## INSTRUCTIONS TO FOLLOW
With the pictures left out, reproduce exactly the lines running from the line with "Alchemy Paracelsus - The" to the last line of the material below.

## DATASET CONTENT
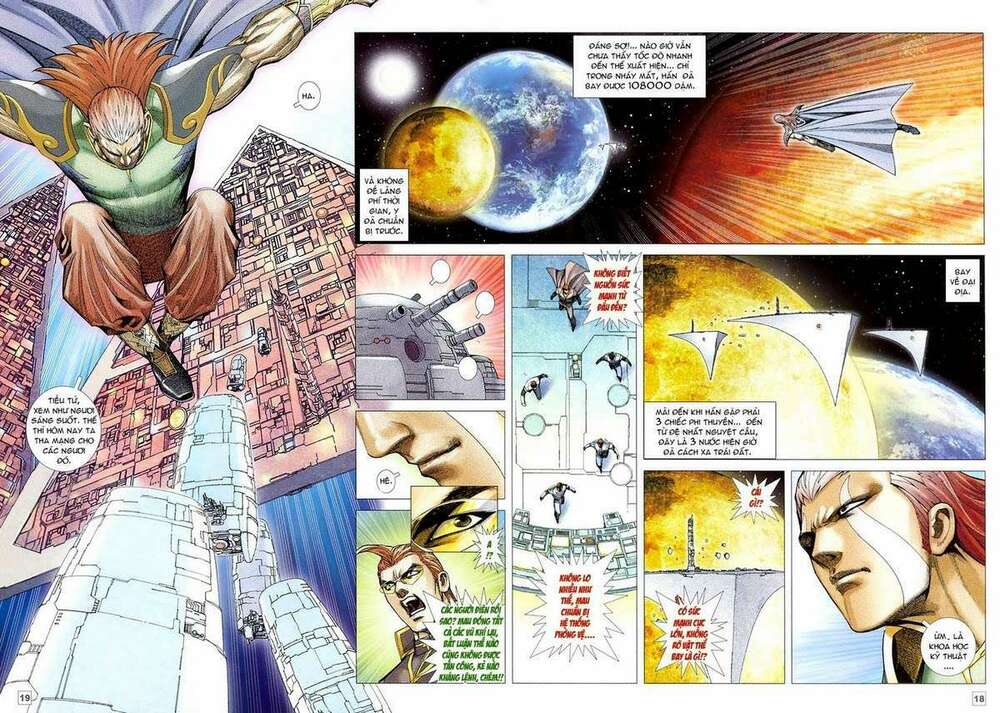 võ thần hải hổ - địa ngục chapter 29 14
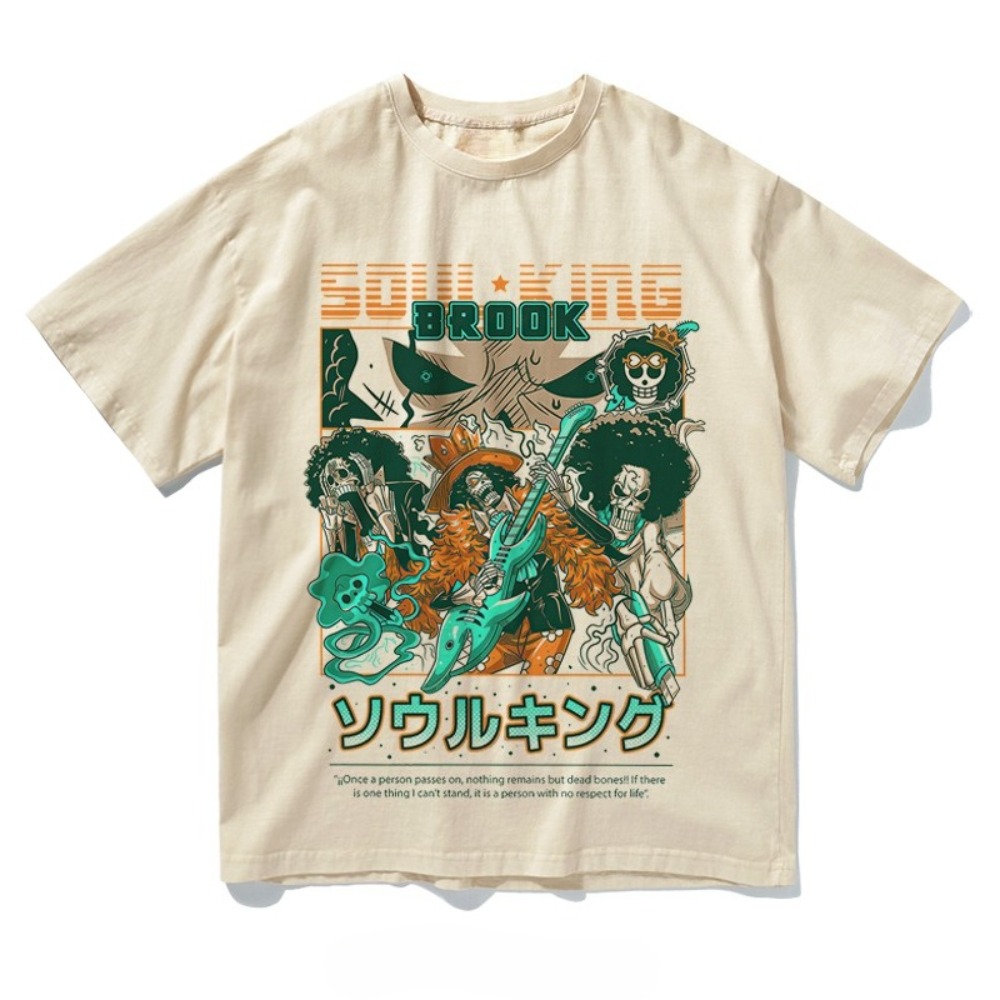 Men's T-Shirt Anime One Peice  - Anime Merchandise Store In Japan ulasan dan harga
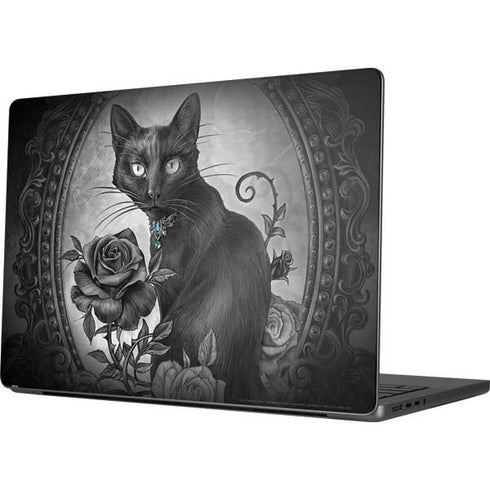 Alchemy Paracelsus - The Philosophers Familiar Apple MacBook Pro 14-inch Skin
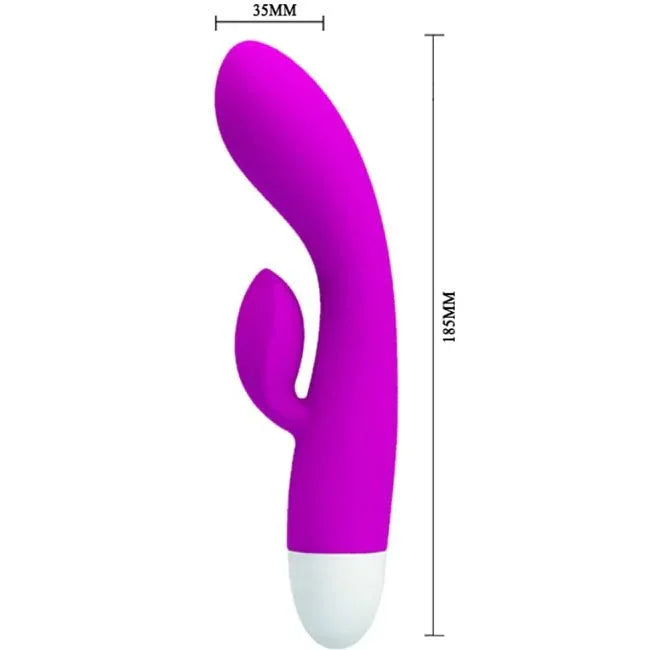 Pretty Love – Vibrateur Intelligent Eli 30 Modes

## ANSWER FOR THE TASK
 Alchemy Paracelsus - The Philosophers Familiar Apple MacBook Pro 14-inch Skin
 Pretty Love – Vibrateur Intelligent Eli 30 Modes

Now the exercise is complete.